Set down, exactly as written, the line containing "Imágenes del atentado" and all the lines that follow it to the end of the entries below, omitting every picture.

Exercise materials |
------------------------------------------------------------
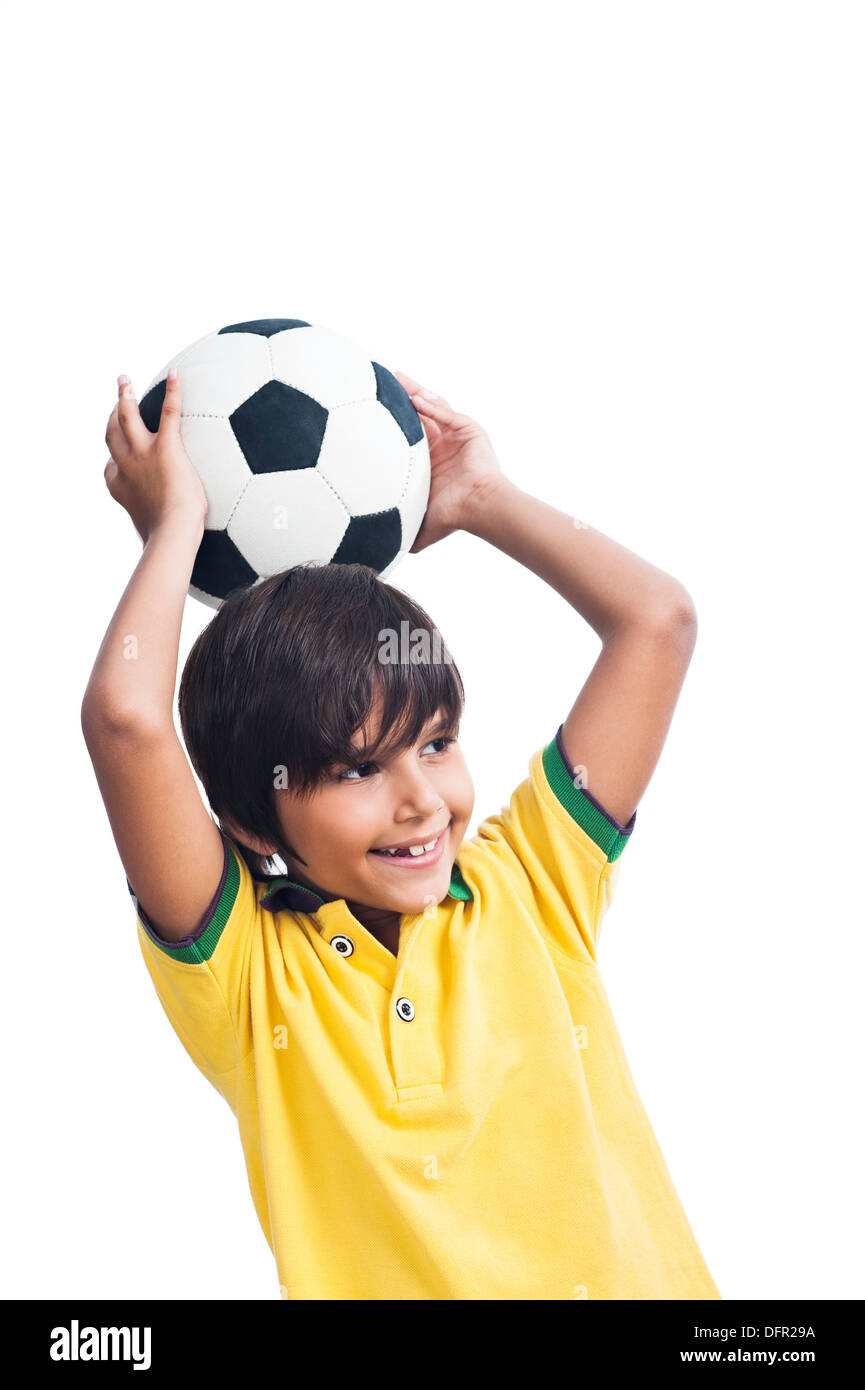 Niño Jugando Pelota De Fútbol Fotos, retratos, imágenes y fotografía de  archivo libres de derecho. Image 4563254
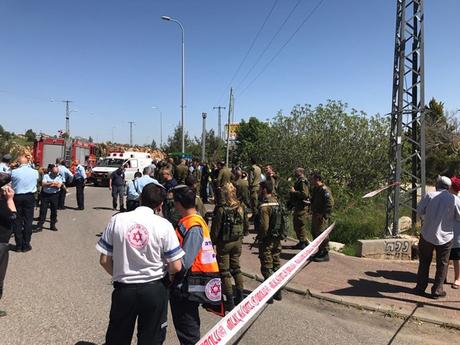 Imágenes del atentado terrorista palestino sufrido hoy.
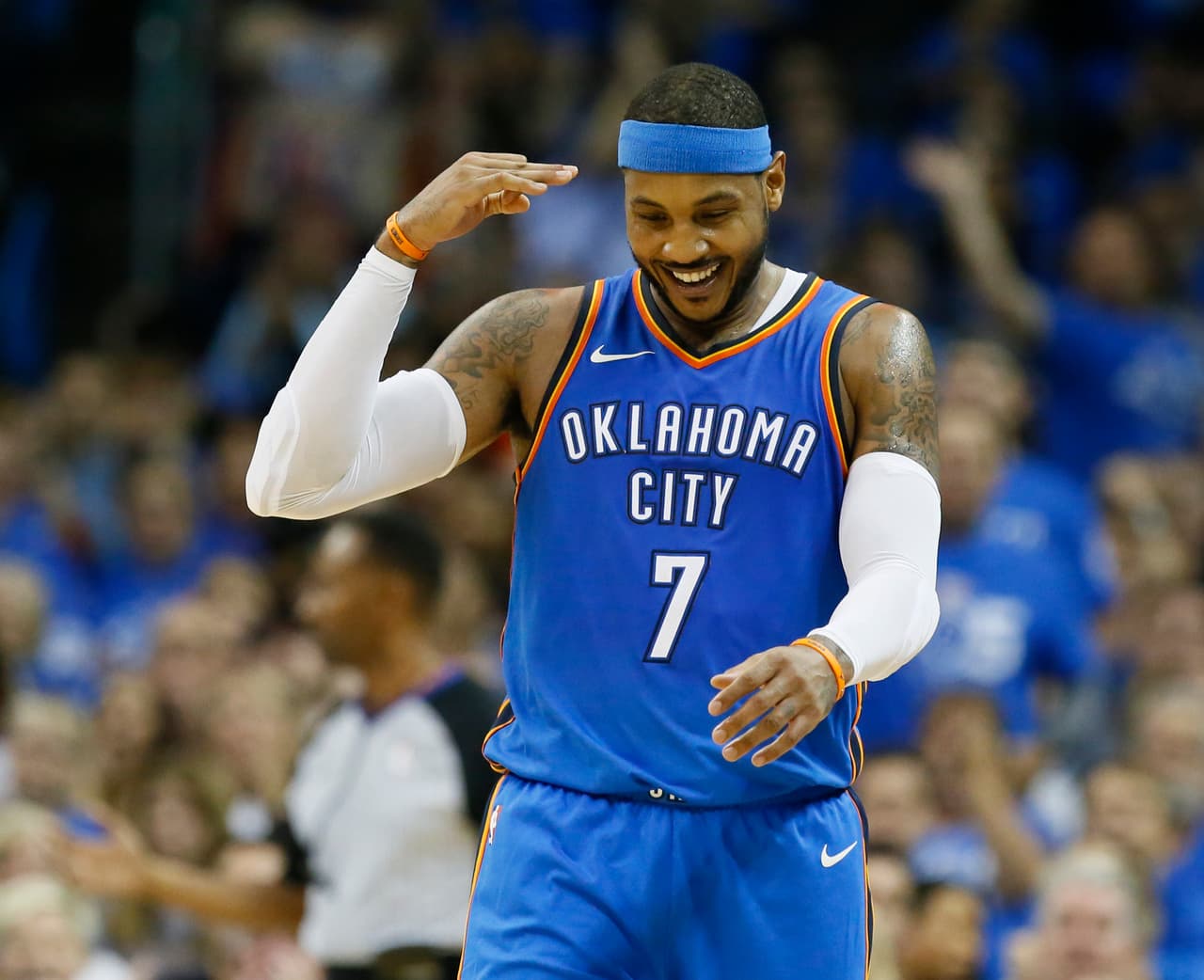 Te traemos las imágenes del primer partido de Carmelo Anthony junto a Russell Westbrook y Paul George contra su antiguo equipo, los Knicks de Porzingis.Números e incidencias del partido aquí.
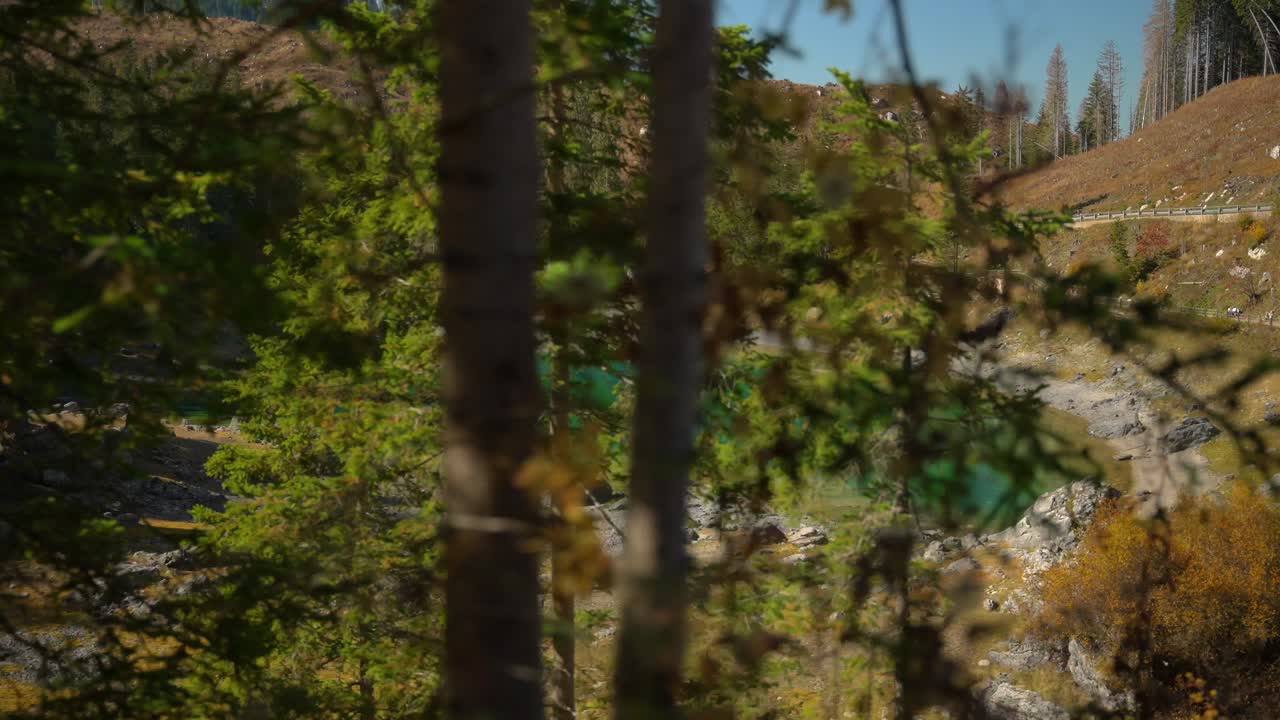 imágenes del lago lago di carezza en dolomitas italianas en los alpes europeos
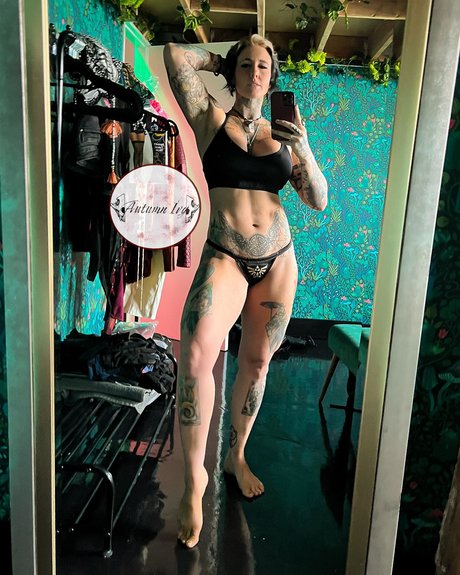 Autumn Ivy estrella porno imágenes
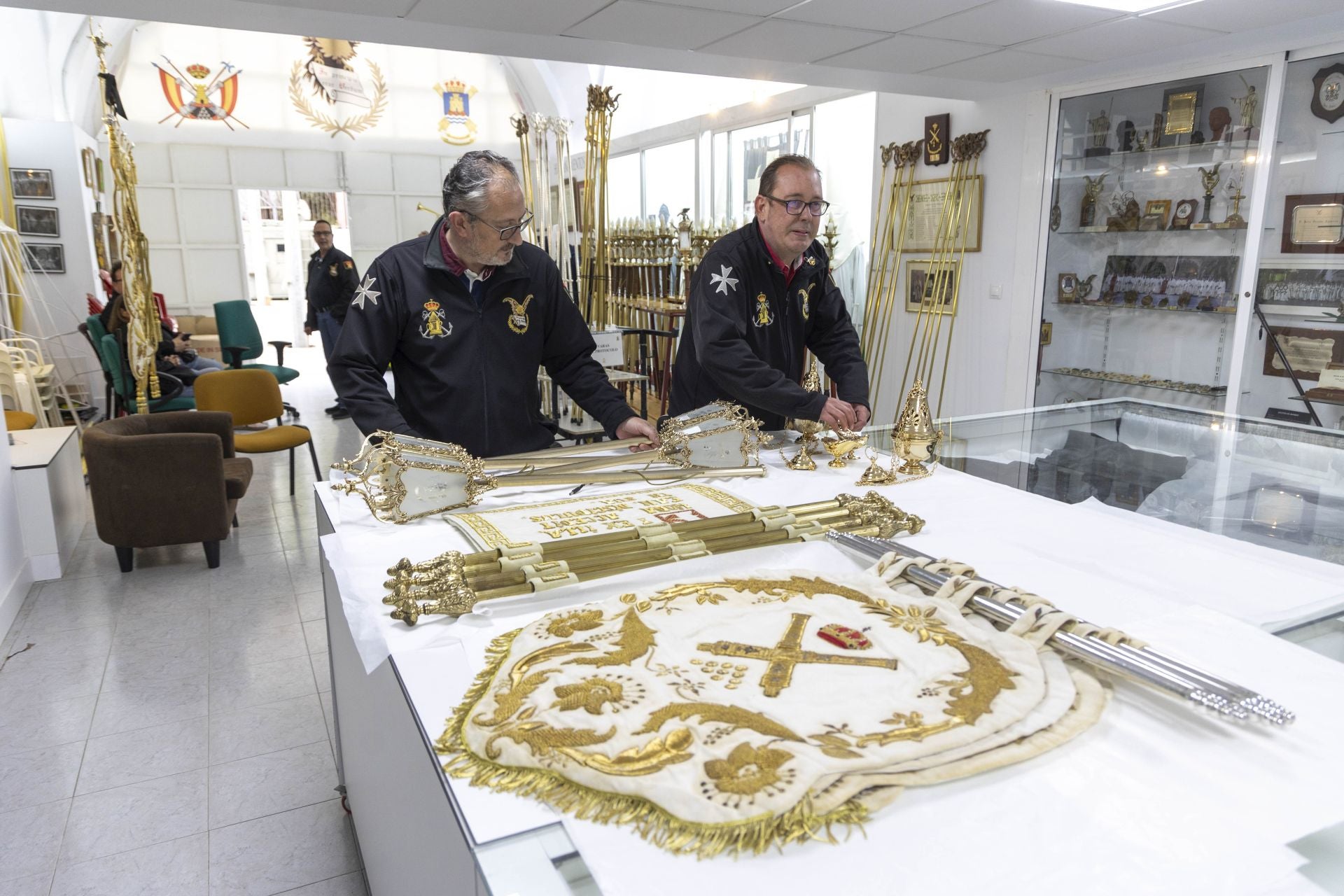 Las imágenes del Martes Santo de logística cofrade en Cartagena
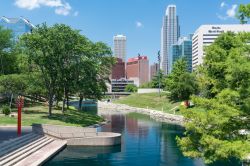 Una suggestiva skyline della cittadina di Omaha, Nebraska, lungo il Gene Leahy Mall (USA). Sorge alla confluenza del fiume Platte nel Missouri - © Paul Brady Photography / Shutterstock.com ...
------------------------------------------------------------
Your response |
 Imágenes del atentado terrorista palestino sufrido hoy.
 Te traemos las imágenes del primer partido de Carmelo Anthony junto a Russell Westbrook y Paul George contra su antiguo equipo, los Knicks de Porzingis.Números e incidencias del partido aquí.
 imágenes del lago lago di carezza en dolomitas italianas en los alpes europeos
 Autumn Ivy estrella porno imágenes
 Las imágenes del Martes Santo de logística cofrade en Cartagena
 Una suggestiva skyline della cittadina di Omaha, Nebraska, lungo il Gene Leahy Mall (USA). Sorge alla confluenza del fiume Platte nel Missouri - © Paul Brady Photography / Shutterstock.com ...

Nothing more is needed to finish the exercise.